Authors: Megan Kenny(1), Craig DeForest(2), Sam Van Kooten(3)
The Wide-field Imager for Parker Solar Probe (WISPR) images the inner heliosphere as Parker Solar Probe (PSP) rushes through the plasma. Near perihelion, the spacecraft’s rapid speeds and proximity to linear structures in the corona enable a unique opportunity to extract locations of such features and large-scale structure near the track of the spacecraft itself. This tomographic reconstruction method relies on known perspective changes due to the rapid trajectory of PSP through the solar corona. To produce the inversions we neglect local proper motions and model the apparent kinematics of a stationary feature, from WISPR’s point of view. We produce a family of analytic functions which serve as a partial basis for the vector space of WISPR image sequences; a basic change-of-basis operation yields the initial “tomogram,” which constrains feature location with respect to the orbital track. For initial analyses, this tomogram corresponds to the ribbon of material whose length runs along the track of the spacecraft (over a selected window of time) and whose width runs perpendicular to that track (locally horizontal).

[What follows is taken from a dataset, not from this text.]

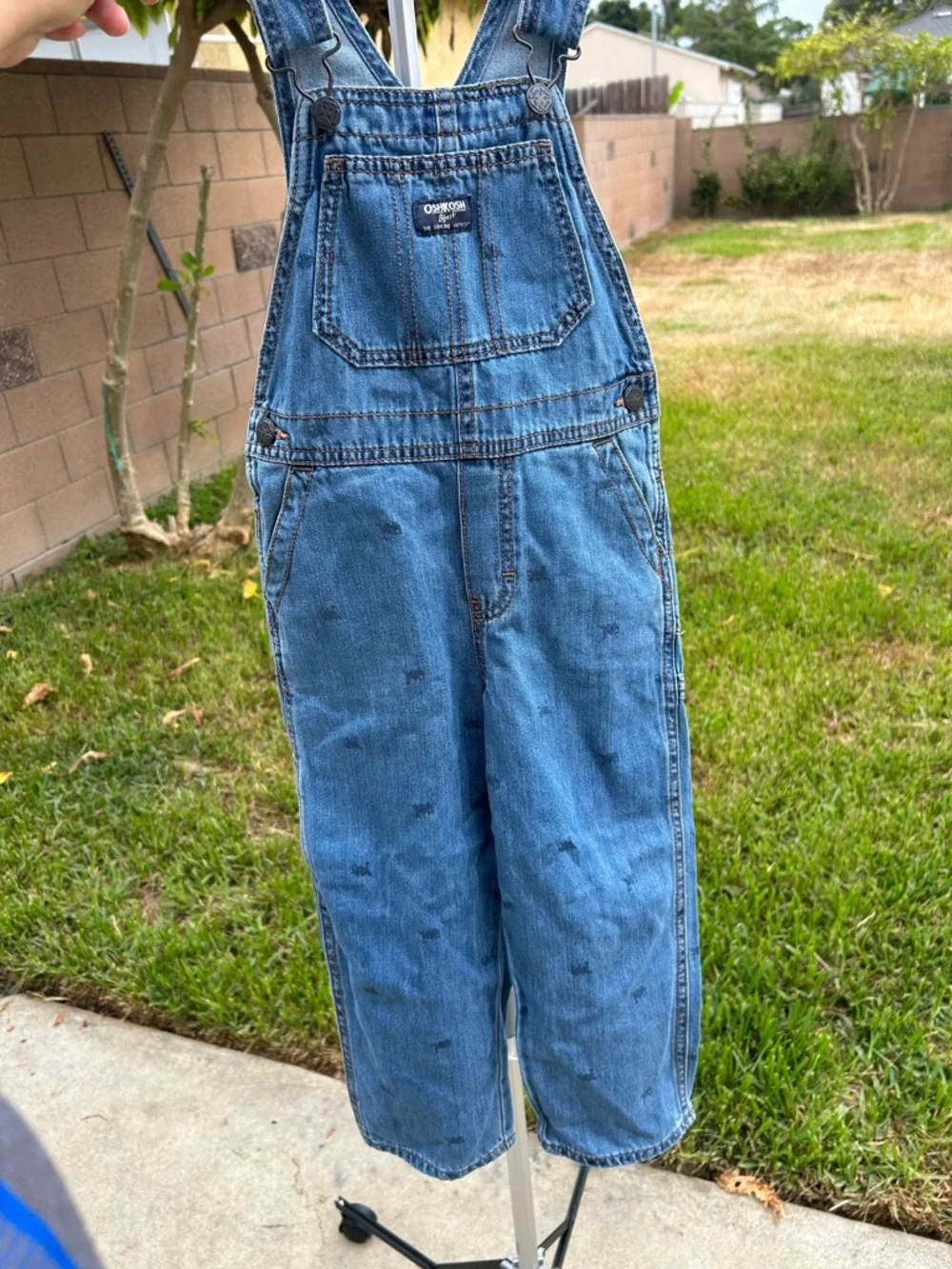 OshKosh Bgosh durable straight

Having applied our tomographic tool to a synthetic image sequence, using two different approximations of the trajectory’s geometry, we found that our reconstructed positions did not match known positions of the features in the image sequence. Our next step has been to build our own synthetic dataset to continue rigorously testing the tomography method. We present progress on this ray-tracing code and early applications of the tomography tool to the new synthetic dataset, with insights on future application to real WISPR data. Finally, we describe what implications this work has for understanding basic science of the corona and contextualizing other PSP measurements.